Окаянные девяностые (Лузан) - страница 101

— Да, да, Павел Игоревич! Я понял, все понял, — бубнил Тишковский.

— Ну, раз понял, то теперь мозгуй, как вырвать у гэбэшников вагон! — потребовал Харламов.

— Пробовал, пробовал, Павел Игоревич! Вместе с Крошковым ездили на станцию, в дивизию. Ничего не получилось, они не отдают.

— Хватит скулить, дед! У меня уши уже пухнут, соображай, как концы прятать! — рявкнул Крест.

Взятый в тиски, Тишковский лихорадочно искал выход из положения. От напряжения ему стало дурно. Харламов и Крест вытащили его из машины. Холод привел его в чувство, и он, наконец, смог сосредоточиться. Но всякий раз, когда казалось вот-вот будет найден выход, мысль ускользала от него.

— Ну давай, давай, мозгуй, Александрыч! — наседал Харламов.

— Кажется, есть вариант, но я не уверен, что получится, — выдавил из себя Тишковский.

— И какой?

— Если поставить вопрос о простое вагона.

— И что это дает?

— За простой надо платить большой штраф, поэтому…

— Да на хрен нам твой штраф! Дело базарь! — терял терпение Крест.

— Помолчи! — цыкнул на него Харламов и поторопил: — Давай, давай дальше, Александрыч!
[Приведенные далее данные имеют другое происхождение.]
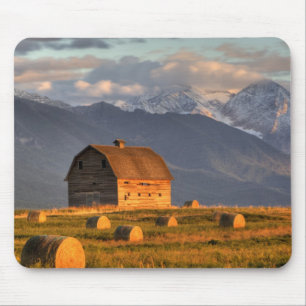 Old barn framed by hay bales and dramatic mouse pad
— Военные за простой, тем более, гражданского вагона платить не будут, — рассуждал Тишковский. — Значит, его отправят к нам, а тут возникают варианты — по ошибке отправить на переплавку.

— Молоток, Александрыч! — похвалил Харламов и, похлопав по плечу, одобрил: — Вот таким макаром и действуй!

— Я готов, Павел Игоревич, но есть одна проблема и мне ее не решить.

— Какая?

— Охрана вагона. Она мне не подчиняется.

— Не бери в голову, решим этот вопрос.

— Ну, тогда я пошел, — Тишковский открыл дверцу мерседеса.

— Притормози, Александрыч, — ухватил его за пальто Харламов и потребовал: — Пиши, кто знал про вагон!

— А-а зачем?

— Чо непонятного? Стукача гэбэшного искать будем! Ну, давай, телись! — рявкнул Крест и включил свет в салоне.

— Сейчас, сейчас, — мямлил Тишковский, трясущейся рукой достал из папки лист бумаги, из кармана пиджака авторучку и принялся писать.

Буквы наползали одна на другую и сливались в рваную линию. Составив список, Тишковский вручил его Харламову. Тот не стал читать и передал тому, кто сидел на переднем сидении. Воротник дубленки у него смялся, и за ним проглянули крупный с горбинкой нос, под которым темнела щетка усов. Тишковскому показалось, что он где-то видел это лицо, напряг память и вспомнил, то был милицейский чин. «Усатый» прошелся взглядом по списку и ткнул пальцем в одну из фамилий. Харламов кивнул головой и подтолкнул Тишковского на выход. Тот мешком вывалился из машины и поплелся к подъезду дома. Проводив его презрительным взглядом, Харламов обратился к «Усатому».